** Input for this task follows **

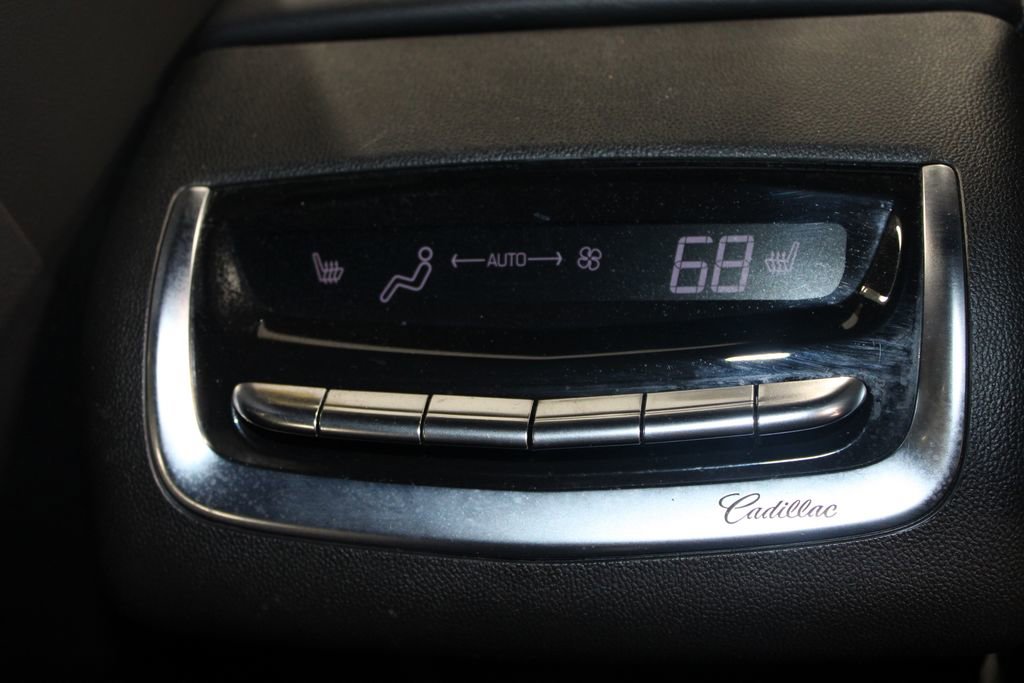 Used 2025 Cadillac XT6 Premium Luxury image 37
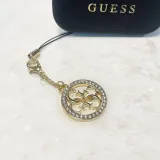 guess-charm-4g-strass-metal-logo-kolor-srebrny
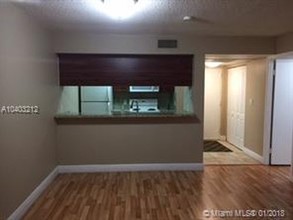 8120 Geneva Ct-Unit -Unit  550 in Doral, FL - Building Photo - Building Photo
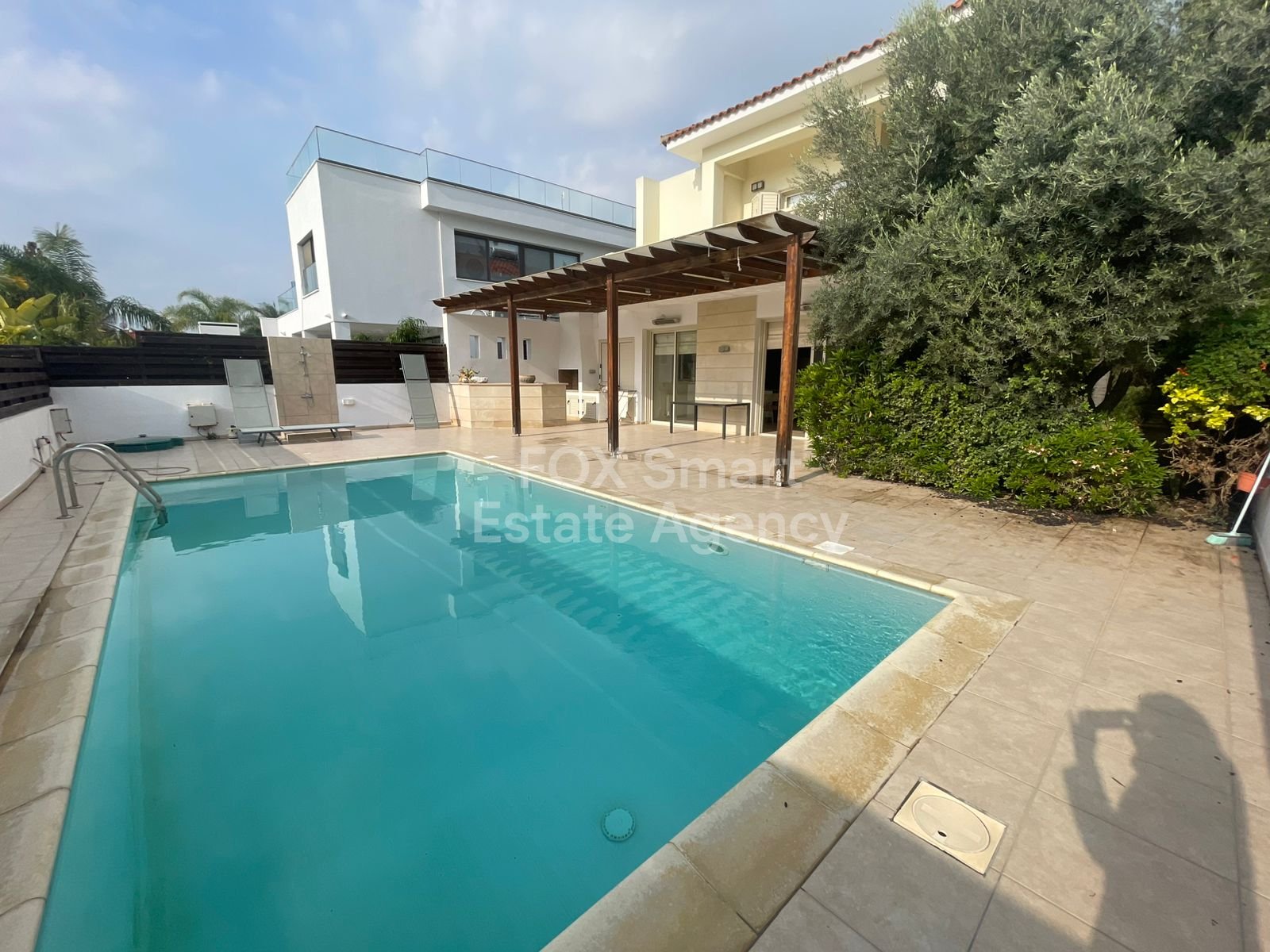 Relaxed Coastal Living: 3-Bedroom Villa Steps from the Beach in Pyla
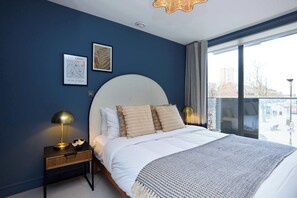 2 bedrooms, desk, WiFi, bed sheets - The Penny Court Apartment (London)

** End of Input for this task **
** Input for this task follows **

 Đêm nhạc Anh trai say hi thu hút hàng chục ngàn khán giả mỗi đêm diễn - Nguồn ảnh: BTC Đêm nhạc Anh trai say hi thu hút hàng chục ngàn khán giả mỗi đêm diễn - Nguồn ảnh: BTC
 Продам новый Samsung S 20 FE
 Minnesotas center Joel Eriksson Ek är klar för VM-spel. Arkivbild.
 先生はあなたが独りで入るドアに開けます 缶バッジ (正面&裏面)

** End of Input for this task **

--- Task to complete ---
In the records above, find the line containing "8120 Geneva Ct-Unit" and the line containing "2 bedrooms, desk, WiFi, bed", then give both of them again word for word along with every line between. Omit any pictures.

--- Answer space ---
 8120 Geneva Ct-Unit -Unit  550 in Doral, FL - Building Photo - Building Photo
 Relaxed Coastal Living: 3-Bedroom Villa Steps from the Beach in Pyla
 2 bedrooms, desk, WiFi, bed sheets - The Penny Court Apartment (London)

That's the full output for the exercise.